You say "Violence": We say "Gardens"
By Starhawk

I wake up early to finish writing and checking email and still be on time for a 10 a.m. interview, a taping for a Sunday discussion show hosted by Michael Putney.  Meddle is also on the interview, as another Specimen Anarchist, and we've spent a good bit of time the day before practicing our sound bites.  As we wait in the lobby, I tell him we need to put on a glamour, an energetic cape of illusion that will make us appealing.  Meddle has blond, boyish good looks and an innocent smile--I tell him to think Luke Skywater.  "You could be Obi-Wan," he suggests, but I tell him I want to be Yoda.   

"Many cities trashed have we, but Miami in flames leave it we will," I assure him.   

The interview goes well, Putney seems to be a journalist of the old school--that is, he is actually interested in the issues and leads off with them, asking us what we don't like about the FTAA.  I feel like I could be sharper on my opening soundbites, but Meddle is great on the anti-democratic nature of the new ordinance which passed yesterday, banning, among other things, any group of more than seven from assembling for more than half an hour without a permit, which seems to me vaguely contraindicated by the First Amendment.

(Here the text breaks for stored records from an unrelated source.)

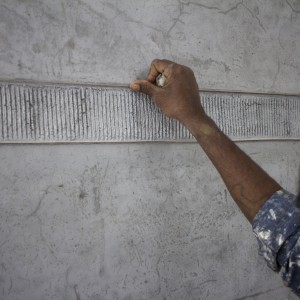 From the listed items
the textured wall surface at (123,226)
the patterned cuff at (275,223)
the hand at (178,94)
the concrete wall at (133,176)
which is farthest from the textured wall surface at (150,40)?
the patterned cuff at (275,223)

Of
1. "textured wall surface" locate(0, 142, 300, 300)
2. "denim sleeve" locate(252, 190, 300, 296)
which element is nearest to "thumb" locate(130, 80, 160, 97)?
"textured wall surface" locate(0, 142, 300, 300)

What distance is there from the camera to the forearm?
3.65ft

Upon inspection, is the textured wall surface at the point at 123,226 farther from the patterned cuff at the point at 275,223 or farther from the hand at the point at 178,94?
the patterned cuff at the point at 275,223

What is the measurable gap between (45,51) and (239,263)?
130 cm

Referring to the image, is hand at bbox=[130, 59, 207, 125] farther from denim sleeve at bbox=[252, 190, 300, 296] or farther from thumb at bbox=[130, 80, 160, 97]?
denim sleeve at bbox=[252, 190, 300, 296]

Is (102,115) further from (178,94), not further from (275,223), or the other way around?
(275,223)

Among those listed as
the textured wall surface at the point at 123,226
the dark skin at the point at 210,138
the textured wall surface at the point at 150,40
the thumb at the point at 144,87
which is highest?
the textured wall surface at the point at 150,40

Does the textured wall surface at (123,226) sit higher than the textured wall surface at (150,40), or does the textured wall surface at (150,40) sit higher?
the textured wall surface at (150,40)

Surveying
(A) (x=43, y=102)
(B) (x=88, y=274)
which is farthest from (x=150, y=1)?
(B) (x=88, y=274)

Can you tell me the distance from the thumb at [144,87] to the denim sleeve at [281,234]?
25.6 inches

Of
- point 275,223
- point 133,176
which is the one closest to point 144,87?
point 133,176

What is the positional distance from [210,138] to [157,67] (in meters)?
0.39

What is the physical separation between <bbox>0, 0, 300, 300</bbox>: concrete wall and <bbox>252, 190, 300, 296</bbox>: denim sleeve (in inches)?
25.4

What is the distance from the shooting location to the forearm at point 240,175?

In the end, he asks about violence and we talk about gardens.  He asks if we won't denounce window breaking and we talk about gardens.  He presses the point and I tell him how in Seattle, with 60,000 people there, the vast majority peacefully protesting, the police began tear gassing and clubbing people long before a single window was smashed.  What I don't say, because even on a show better than most the staccato soundbite rhythm of TV doesn't allow for real in-depth discussion, is that a movement cannot be built by denouncing each other, and I don't want to be the Good Anarchist at the expense of those who share my values and my struggles, even if at times they do things I don't agree with.  But we part on friendly terms, all of us satisfied with our morning interval.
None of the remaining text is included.